# Moving to Germany...



## Ramjm_2000 (Jan 29, 2005)

Guys (and Gals),

Just found out I'll be headed to Germany for the next 2-3 years and will likely be living in the Queidersbach area (just south of Ramsetin). It also looks like the house I'll be in backs up to a signficant forest with trail access...looks like my road bikes will be gathering dust  Anyways, I'll be rewarding myself with a new frame/bike (post deployment gift to myself) and wanted to get an idea of the terrain.
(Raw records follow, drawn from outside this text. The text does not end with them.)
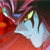 chaotic-wizard :iconchaotic-wizard:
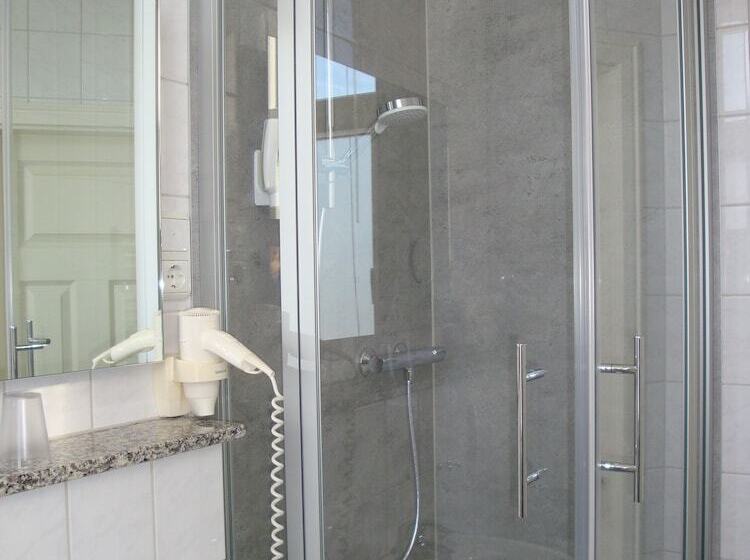 스탠다드 싱글 룸, Bellevue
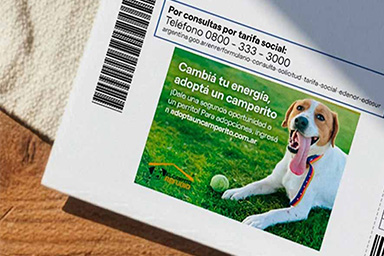 Ritrova la sua famiglia grazie a una bolletta della luce: la storia del cane Derek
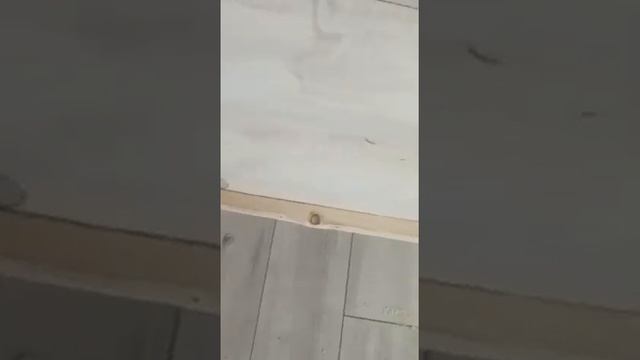@ плинтуса из горбыль смотреть онлайн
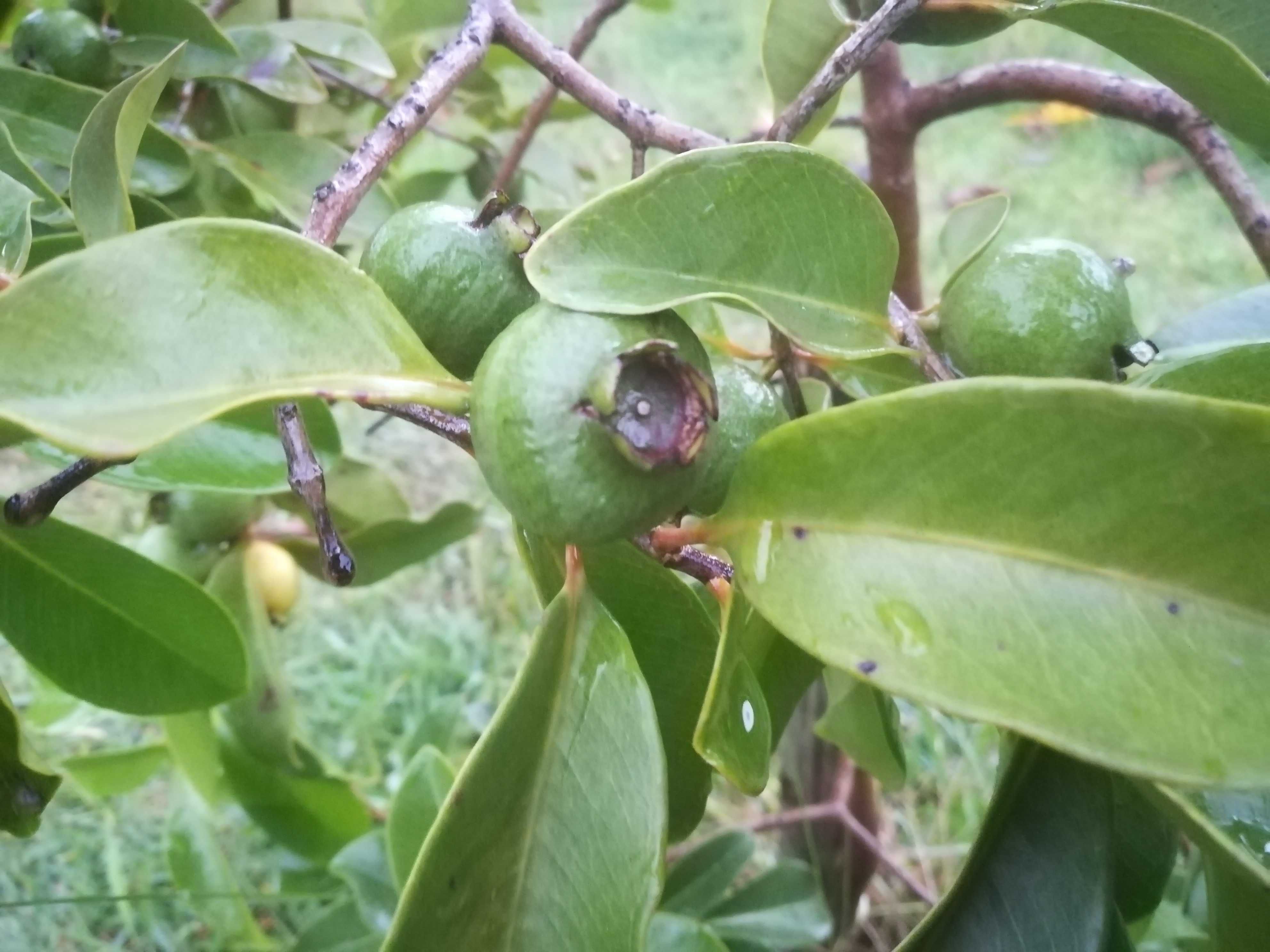Araça da Restinga – Psidium Nutans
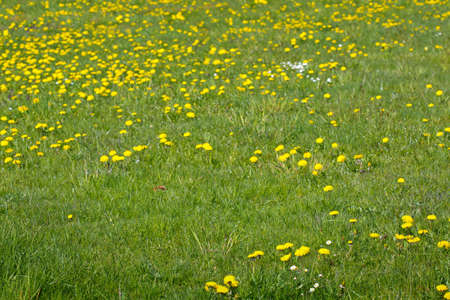 Beautiful yellow dandelion flowers on a green field.の写真素材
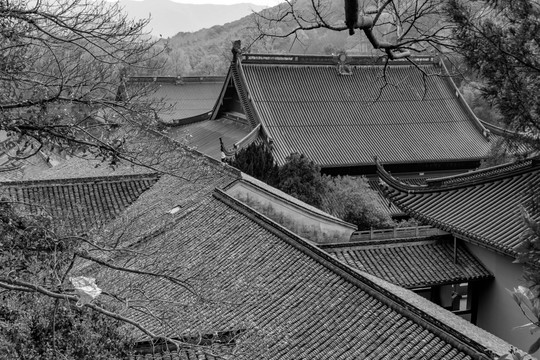 古寺古刹 天童寺风景区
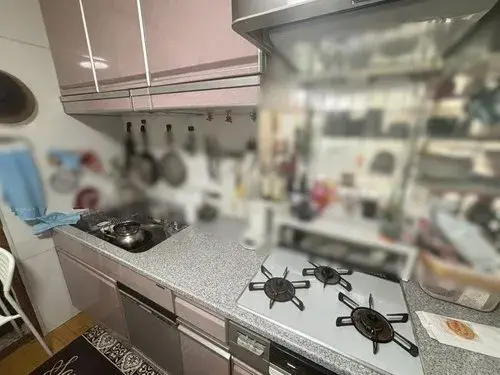 [4DK Property] Toyonaka City Osaka Prefecture (10)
I actually pulled the trigger on a Ibis Mojo SL SB which is still sitting in the box at home but I've been offered an HD at a great price. I'm currently ridding a Litespeed Niota ti set a 4" front and back with a lefty DLR2, I'm mostly a technical XC guy but do enjoy a good knarly trail at times (Niota set to 5"). Is anyone out there familiar with the trails in the area? HD overkill? Do you think I should return the bike (not an issue) or is the market in Europe pretty good to sell a new Mojo SL frame? Will be getting there later July/Aug. Cheers 

Oh one more thing, what are the trail laws like? Do they allow dogs on trails off leash?

JR


----------



## flametop (Sep 6, 2012)

Hey JR,

you'll be going to one of the nicest areas in Germany for MTB beside Schwarzwald and Allgaeu. The area is called "Pfaelzer Wald". 
Right beside your hometown is a small bikepark in Trippstadt. There are also some trails "advertised" from the government. 
Be sure to check out the Neustadt area around Kalmit. Just get a map, there are lots of natural trails.
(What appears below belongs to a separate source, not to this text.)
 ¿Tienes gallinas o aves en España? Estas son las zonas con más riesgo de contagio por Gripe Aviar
You can bring along your dog without a problem. 
Bikewise it really depends on your liking. There are guys using DH-bikes and other with their XC-Bikes.

Enjoy!


----------



## zenkem (Dec 18, 2007)

Check out KMC Cycling at the link below and we'll fill you in on all the local Trails and happenings in the area and don't be so fast to put that Road Bike away:

KMC Cycling


----------



## Ramjm_2000 (Jan 29, 2005)

Thanks guys!


----------